▶ **Work instructions**:
From the listing below, copy only the lines running from the line that contains "American Tourister Yellow" to the line that contains "thumbnail image 4", both included.

*** Given information ***

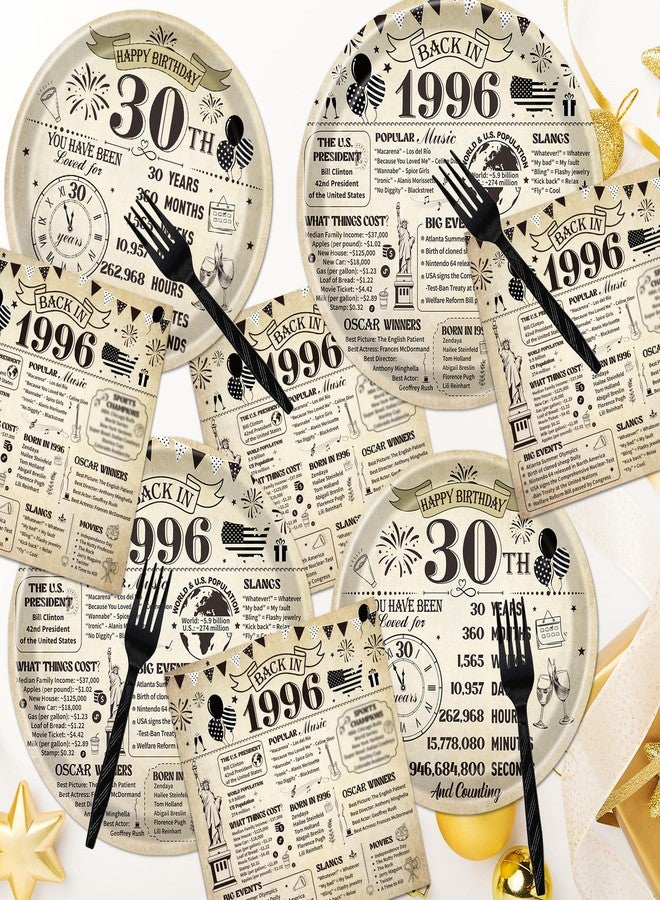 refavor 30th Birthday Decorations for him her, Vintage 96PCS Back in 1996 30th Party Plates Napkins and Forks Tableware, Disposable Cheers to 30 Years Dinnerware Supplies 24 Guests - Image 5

*** End of Given information ***
*** Given information ***

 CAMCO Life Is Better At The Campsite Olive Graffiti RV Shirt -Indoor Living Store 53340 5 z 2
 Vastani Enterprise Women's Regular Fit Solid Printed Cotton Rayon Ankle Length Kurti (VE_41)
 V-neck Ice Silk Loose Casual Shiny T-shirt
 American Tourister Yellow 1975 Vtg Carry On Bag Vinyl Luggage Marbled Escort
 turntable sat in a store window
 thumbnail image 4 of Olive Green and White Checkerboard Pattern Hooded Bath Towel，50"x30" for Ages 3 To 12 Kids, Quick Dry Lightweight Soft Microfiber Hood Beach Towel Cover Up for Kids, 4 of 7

*** End of Given information ***

▶ **Response to this task**:
 American Tourister Yellow 1975 Vtg Carry On Bag Vinyl Luggage Marbled Escort
 turntable sat in a store window
 thumbnail image 4 of Olive Green and White Checkerboard Pattern Hooded Bath Towel，50"x30" for Ages 3 To 12 Kids, Quick Dry Lightweight Soft Microfiber Hood Beach Towel Cover Up for Kids, 4 of 7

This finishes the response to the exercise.